Database Backup BCDevOps - bcgov/common-service-showcase GitHub Wiki
Note
read more here: Database-Backup
Production level databases need some form of automated backup strategy in order to satisfy certain retention and reliability guarantees. One of the ways we can do this is by exporting or dumping a database periodically.
Below are some of the resources that were used in order to achieve our backup strategy:
The main goal is to be able to generate full database snapshot dumps at a regular schedule and store these files in a different location. In order to achieve this, we need an off-cluster space to store exported files, and a scheduled job that will perform the database snapshots.
On OCP4, the storage class we will normally be using for backup is called netapp-file-backup
. More background details can be found here.
If your target namespace does not have a backup PVC yet, run the following template:
export NAMESPACE=YOURNAMESPACE
oc process -n $NAMESPACE -f https://raw.githubusercontent.com/wiki/bcgov/common-service-showcase/assets/backups-bcdevops/templates/backup.pvc.yaml -p NAMESPACE=$NAMESPACE -o yaml | oc -n $NAMESPACE apply -f -
You should expect to see a new PVC with the following pattern in your namespace: backup-YOURNAMESPACE
.
For managing the backup operations, we leverage BCDevOps/backup-container. The backup-container generates database dumps as well as database dump cycling based on a specified retention schedule. It supports two modes of operation: a legacy mode where there is a long-standing deployment which sleeps between job executions, and a CronJob mode which is managed by OpenShift. After evaluating both approaches, we have elected to use the CronJob mode as it is less resource intensive on the OCP platform, needing to have a running pod instantiated only when the backup task needs to run.
Note: At the time of writing, we are currently using version 2.9.0 of the backup-container.
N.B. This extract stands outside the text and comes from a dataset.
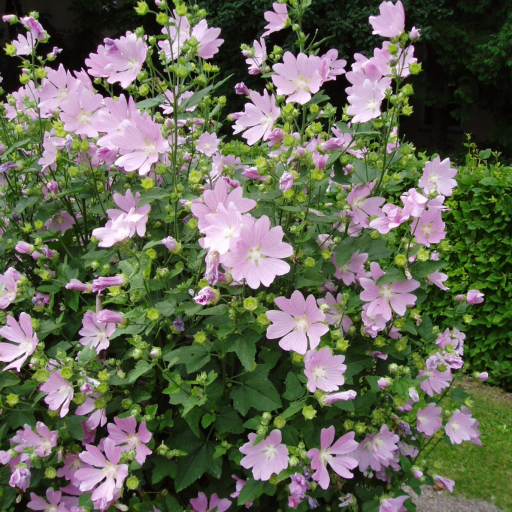 Malva Thuringiaca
On OCP4, you will need to ensure that your backup-postgres container is allowed to connect with the Patroni database. To do that, run the following template:
export NAMESPACE=YOURNAMESPACE
export INSTANCE=YOURAPPDBINSTANCE
oc process -n $NAMESPACE -f https://raw.githubusercontent.com/wiki/bcgov/common-service-showcase/assets/backups-bcdevops/templates/backup.np.yaml -p INSTANCE=$INSTANCE -o yaml | oc -n $NAMESPACE apply -f -
Note: The above template assumes you are connecting to a Patroni cluster. If you are connecting to a Postgres database instead, make sure you manually update the podSelector labels accordingly depending on your deployment configuration!
If you haven't already done so, make sure you have set up dockerhub auth credentials in your namespace for the builder. More details can be found here.
Note: As of backup-container v2.3.3, we no longer need to build the container images on the cluster. Instead, we now leverage the Docker images automatically generated by Github Actions.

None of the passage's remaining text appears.